Description Questions for Exploit 4

Answer these questions succinctly in descriptions.txt.

1. What instruction (address and assembly) in test inspects the return value of getbuf?
2. Under your exploit, what instruction (address and assembly) stores this return value to “trick” test? Does this instruction execute before or after the ret in getbuf?
3. What other instruction inst (address and assembly) in test depends on data from your exploit string?
4. Under normal (overflow-free) execution, what instruction (address and assembly) stores the data that this instruction expects to find there?
5. What is the meaning of that location on the stack? (Write a sentence or two to describe in terms of general procedure conventions.)
6. Why might test crash if your exploit does not heed the importance of this stack location? (Write a sentence or two.)
7. How does your exploit avoid this crash? (Write a sentence or two.)

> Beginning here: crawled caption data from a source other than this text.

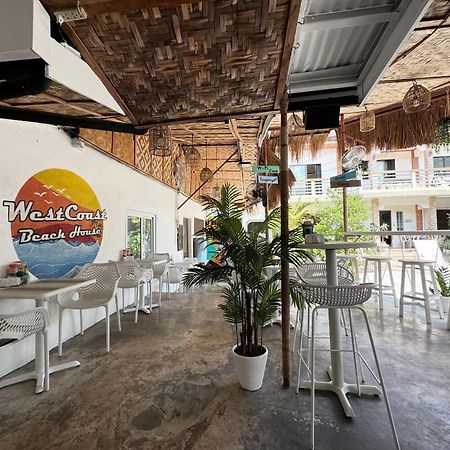 West Coast Beach House Cebu Exterior photo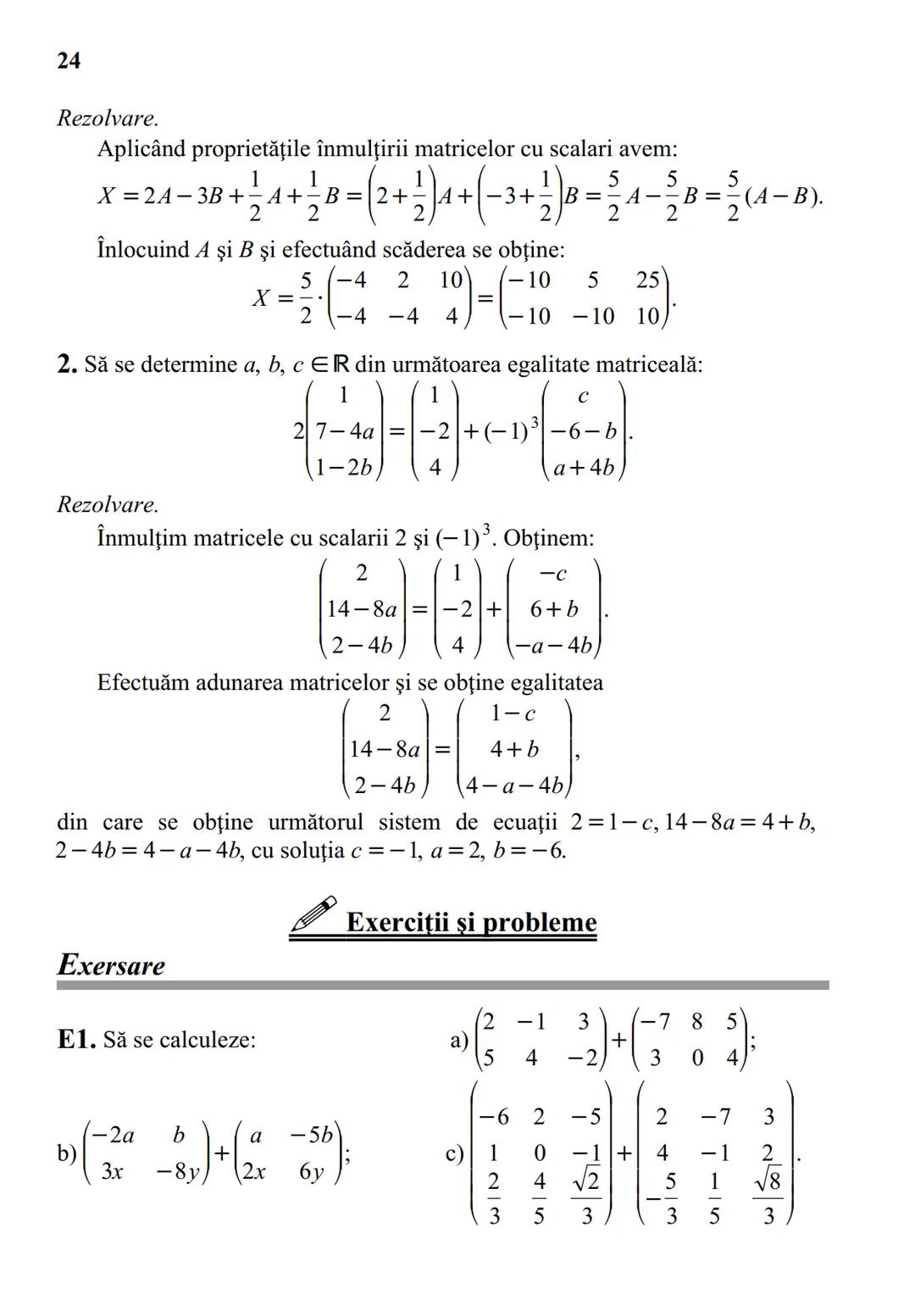 MINISTERUL EDUCAȚIEI ȘI CERCETĂRII
Marius Burtea
Georgeta Burtea
MATEMATICĂ
Manual pentru clasa a XI-a M2
Filiera teoretică, profilul real,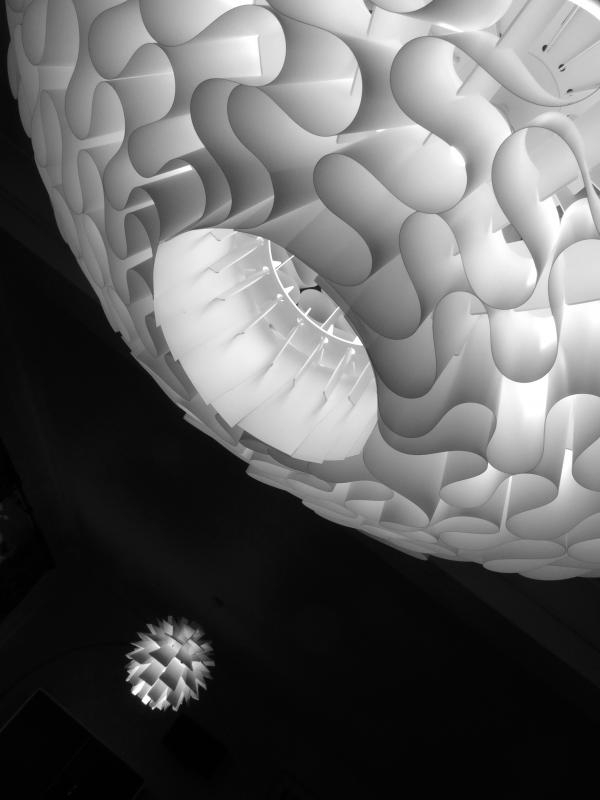 'Satellight' by Ann Hooley of Ruddington u3a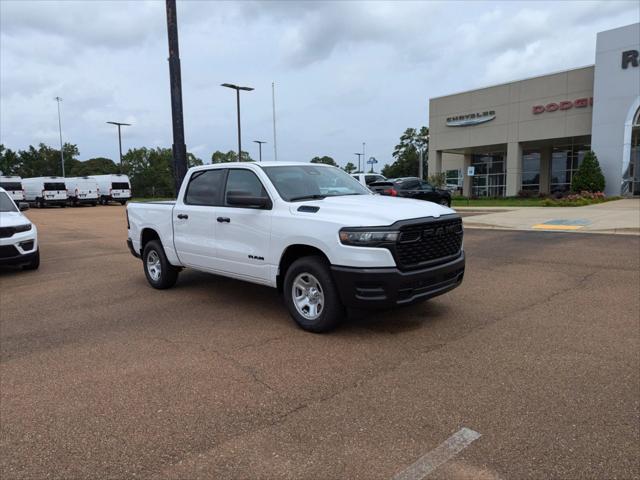 2025 RAM Ram 1500 RAM 1500 TRADESMAN CREW CAB 4X4 57 BOX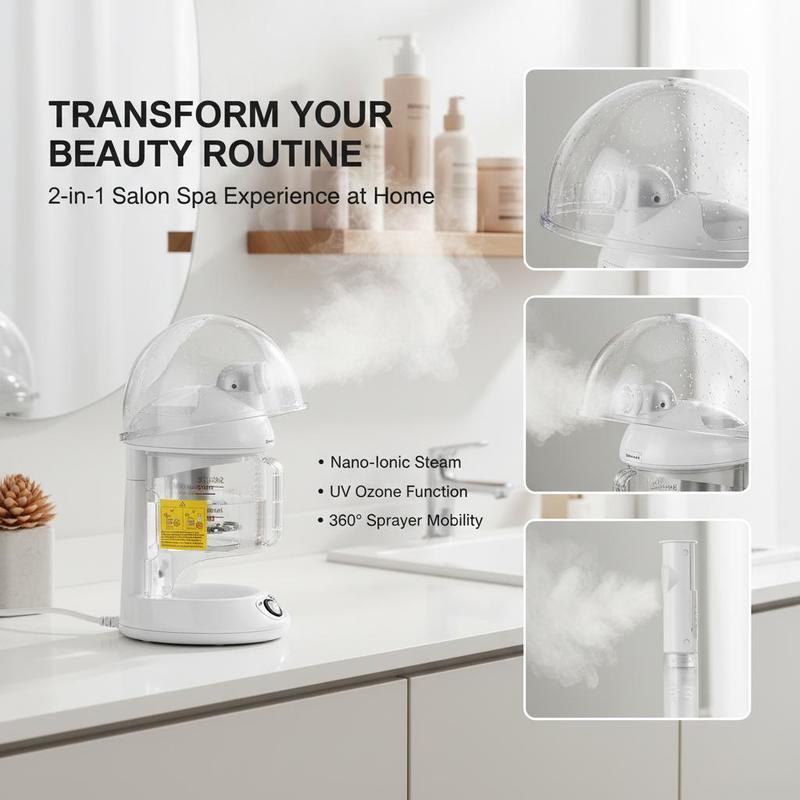 Salon Hair Care Apparatus 2-in – Hair Care In Salon Bewertung und Preis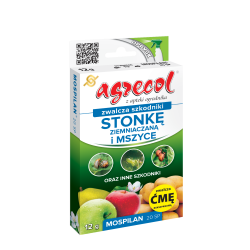 Środek na stonkę...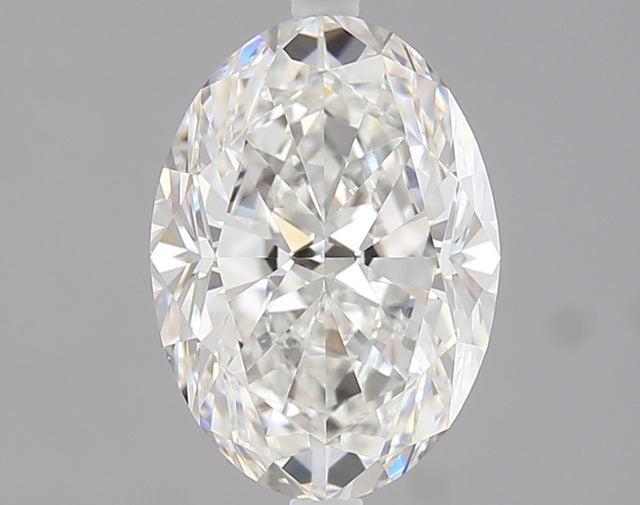 1.50 carat Oval diamond F VS2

Mayhem (optional extra credit)

execve is a system call that replaces the currently running program with another program inheriting all the open file descriptors. What are the limitations of the exploits you have performed so far? How could calling execve allow you to circumvent this limitation? If you have time, try writing an additional exploit (mayhem.hex) that uses execve and another program to print a message. Talk to the instructors if you’re curious about more.

Grading

The assignment is graded from a maximum of 100 points:

• Working exploits (80 points): run make test to check all of your exploits.
  • Exploit 1: 25 points
  • Exploit 2: 25 points
  • Exploit 3: 15 points
  • Exploit 4: 15 points
• Descriptions (20 points):
  • We may grade a subset of your answers.